Ramat means livestock, and although Catalunya has dairy and beef industries, they are located in the north (Girona), and west (Lleida). Here, in the more arid south, you find pigs, goats, and sheep. In Catalunya (and maybe all of Spain) most of the livestock industry is relatively small scale and family run. I recently read in Temple Grandin’s book Animals Make Us Human that Europe does much better in providing decent living and slaughter conditions for its commercial animals (with the exception of chickens) than the U.S. does. And in fact, that fits with my own general impression. Although they may exist, in all the nine years that I’ve lived here I have never seen huge stockyards here like the ones in Coalinga in central California, and when there is a news story having to do with livestock, you always see a relatively small, family-run business.
Herding goats or sheep is not a big money-maker and even though there are many people who are not driven to get rich, as time goes by, fewer people are doing it, especially fewer young people. To give the vocation a boost, the Generalitat has recently instituted programs to train young people so that those herders who do not have children to take over, might find a stranger to do it when the time comes and thus the landscape will remain dotted with sheep and goats and the food supply will continue to be locally produced.
One of the more charming things about Catalunya is that there are shepherds and goatherds with small flocks, sometimes going this way and that along the roads. You might see them when you drive outside the cities, and I could even see them out the window from our apartment in Tarragona, being situated as we were near the edge of town.
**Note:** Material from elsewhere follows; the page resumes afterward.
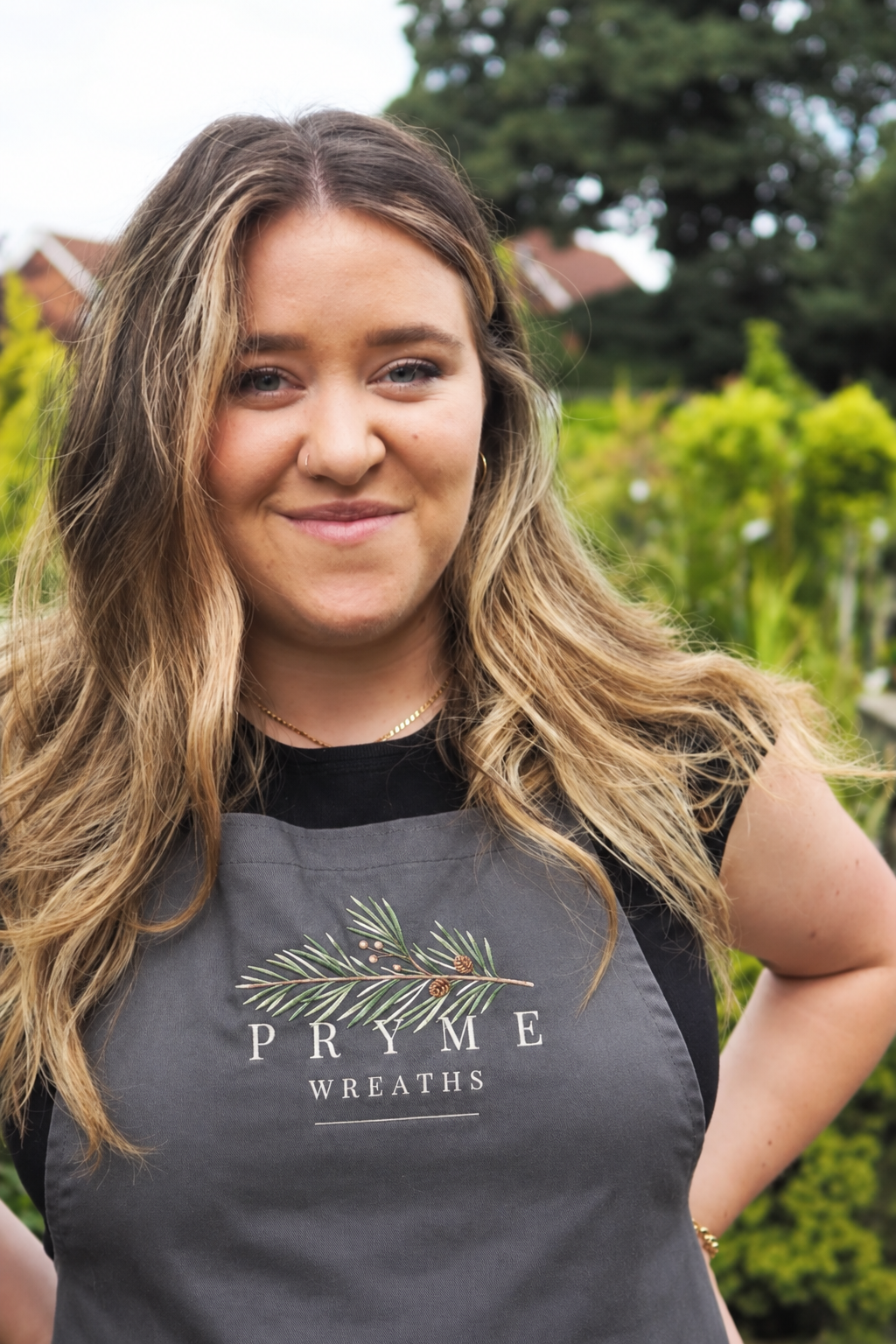 Isla, the maker behind Pryme Wreaths, wearing her branded apron in a garden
There are also a few small herds on the outer fringe of Barcelona, sometimes taken by their shepherds to graze in the large open space park of Collserola that borders the back of the city, as Tilden Park does in Berkeley. Pigs are a different story. They are always located outside of town, but I have felt the odor in town when the wind was blowing the wrong way.
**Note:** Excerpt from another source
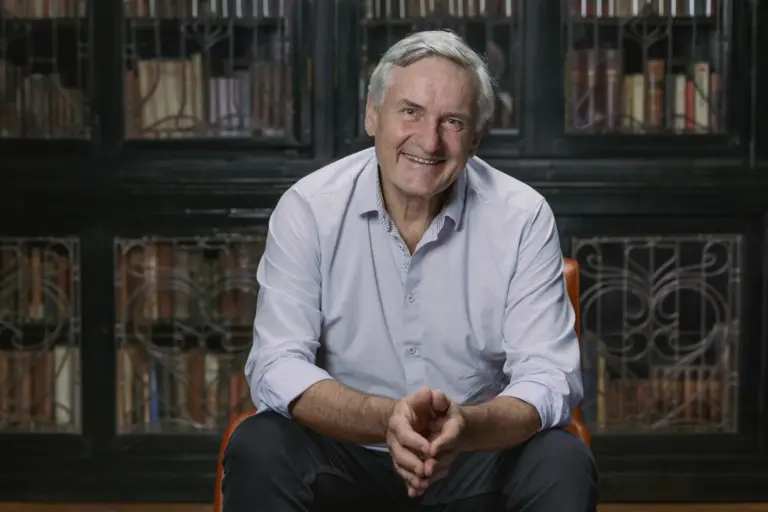 Smiling older man seated in front of ornate bookcase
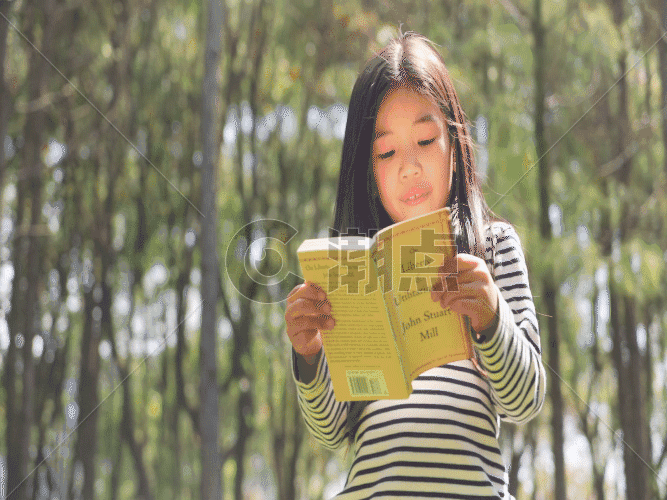 女孩站在草地上阅读GIF图片素材免费下载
The oldest signs of human life at Rasquera are the 6,500 – 10,000-year-old cave paintings. It was an Iberian settlement before the Romans came, and its first civic document dates from 1153 when Ramon Berenguer IV gave Rasquera to the Templars, whose castle was in Miravet. Increasing from its first recorded population of 14 souls in 1497, it rose to its height of 1542 people in 1910 and has eased back down to 955 at the latest count. It’s primary economic activity is agriculture: vineyards, olive trees, some fruit trees (it is typical of the houses in the village to have open attics for the drying of figs), and breeding and raising of goats and sheep, most notably the Cabra Blanca (white goat), a breed native to Rasquera.
In Rasquera, before leaving for their summer pasture, the animals are herded into pens at the edge of the village, and people come from all around to admire them. In addition to the gathering of the flocks and display of a few prime examples in individual pens, there was also a section at the fair for artisan products, both food and handcrafts. Of course I was mostly interested in the stands with artisan-made goat cheeses. Spain has a lot of wonderful food, but it does not produce nor offer a wide selection of cheeses. Spanish varieties are few -- usually hard cheeses -- and they import almost none. So, while I love spotting the sheep and goats when I’m out and about in Catalunya, and I love the feeling they give me of an earlier time and a more simple life, I do miss the countless wonderful cheeses from the Cheeseboard in Berkeley.